В стихотворении, названном «Краснодар», рассказывалось о том, что поэт обратил внимание на множество собак в этом городе:


«Вымыл всё февраль / и вымел —

не февраль, / а прачка,

и гуляет / мостовыми

разная собачка…

Даже / если / пара луж,

в лужах / сотни солнц юлится.

Это ж / не собачья глушь,

а собачкина столица».


Краснодарец Н.Арсенов:

«– Я читаю ваши стихи, но ничего не понимаю, – перегнувшись, кричит какой-то студент с балкона.

– Что же вы не понимаете? Вот я вам целых два часа читал стихи, скажите, что вы не поняли?

Студент молчит».

В.Пашков приводит совет Маяковского тем, кто собирался начать писать:

«Пишите, не отрываясь от той профессии, которая даёт вам хлеб, мясо, рубашку и воскресное кино».

Кавказские выступления

19 февраля 1926 года состоялось выступление Маяковского в Оперном театре города Баку.

Газета «Бакинский рабочий»:

«Маяковский как чтец превосходен: могучий голос, чёткая дикция и хорошее владение декламационной акцентировкой – качества, которыми литераторы блещут не часто… Закончил Маяковский знаменитым «Левым маршем», прозвучавшим в его исполнении особенно чётко и убедительно».

Александр Михайлов:

«Если кто-то по обрывочным воспоминаниям представляет, что поэтические вечера Маяковского – это битком набитые залы, конная милиция, сплошной триумф, то у него ошибочное представление. Были битком набитые залы, была конная милиция, были вечера, которые кончались триумфом поэта. Но были и полупустые холодные залы, была на вечерах зелёная молодёжь, пришедшая на очередное «мероприятие» или поразвлечься. Публику надо было приучить слушать стихи. Нужна была реклама, чтобы заинтересовать людей, пригласить в театр или клуб. Остальное поэт брал на себя».

20 февраля в Москву полетело письмо Лили Брик:


«Дорогая и родная моя Кисица!

(Это я сделал из Киса и Лисица.)

Я живу сию минуту в Баку, где я видел (а также и по дороге) много интересного, о чём и спешу тебе написать…

Я живу весело: чуть что – читаю «Левый марш» и безошибочно отвечаю на вопросы – что такое футуризм и где теперь Давид Бурлюк…

Во вторник или среду утром еду Тифлис и, отчитав, поскорее в Москву…

Надоело – масса бестолковщины. Устроители – молодые. Между чтениями огромные интервалы, и ни одна лекция не согласована с удобными поездами. Поэтому, вместо международных, езжу, положив под голову шаблонное, с клещами звёзд огромное ухо.

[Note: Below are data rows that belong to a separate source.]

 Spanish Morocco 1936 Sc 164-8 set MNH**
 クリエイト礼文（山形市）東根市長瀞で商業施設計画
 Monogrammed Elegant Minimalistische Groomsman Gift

Здесь весна. На улице продают мимозы. <…> Направо от меня Каспийское море, в которое ежедневно впадает Волга, а выпадать ей некуда, т. к. это море – озеро и положение его безвыходное».

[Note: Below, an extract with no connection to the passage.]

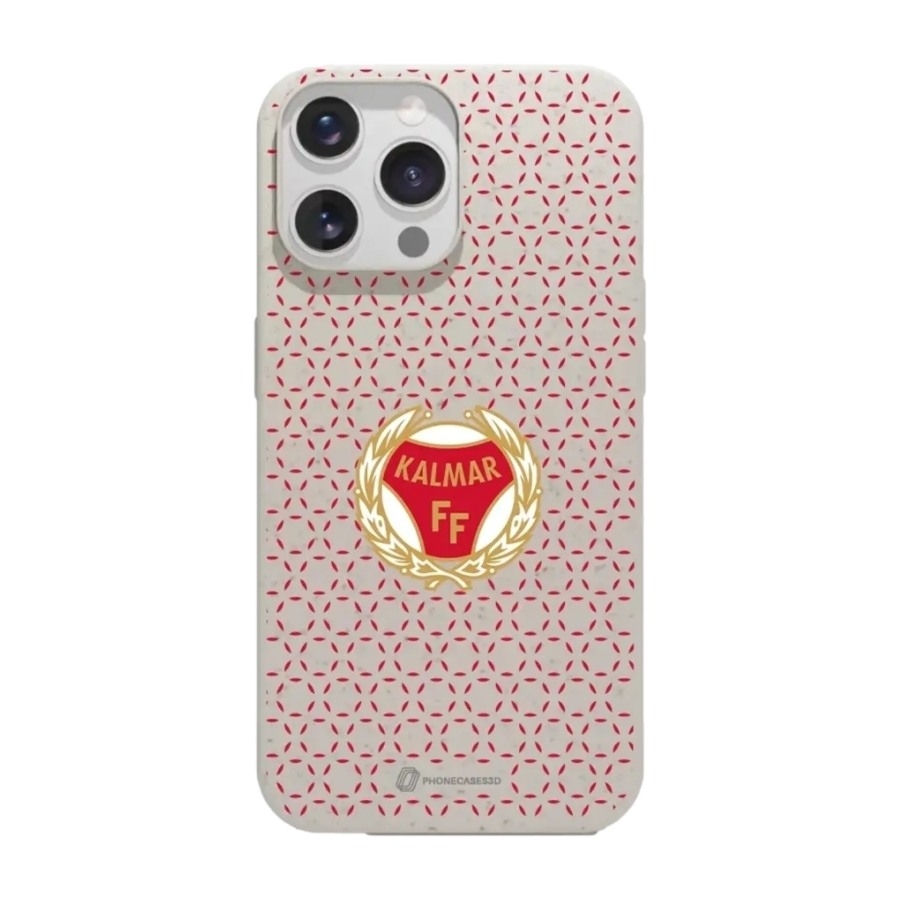 Phonecases3D iPhone 14 Pro Kalmar FF komposterbart cover, hvid billede 1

Как видим, ко всем дорожным передрягам Маяковский относился спокойно, так как знал, что московскую квартиру ждёт ремонт, на который надо заработать деньги. И он писал:

«Дорогой Солник, очень тебя жалею, что тебе одной возиться с квартирой, и завидую, потому что с этим повозиться интересно.

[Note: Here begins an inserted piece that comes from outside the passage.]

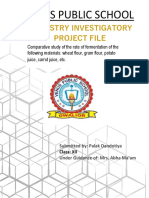 Venus Public School: Chemistry Investigatory Project File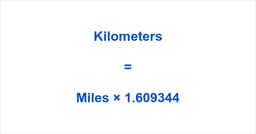 Miles to km converter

Я по тебе, родненький, очень соскучился. Каждому надо, чтобы у него был человек, а у меня такой человек ты. Правда.

Целую тебя обеими губами, причём каждой из них бесконечное количество раз.

Весь твой  С ч е н  1-ый (Азербайджанский)».


Под «Сченом 2-ым», Маяковский, видимо, подразумевал собачку Скотика.

24 февраля Владимир Владимирович покинул Баку и отправился в Тифлис, где уже через день состоялось его первое выступление. В театре Руставели поэт делал доклад «Моё открытие Америки». Присутствовавший на этом вечере молодой поэт Василий Абгарович Катанян написал:

«Зал был наполовину полон или, как сказал бы пессимист, – наполовину пуст.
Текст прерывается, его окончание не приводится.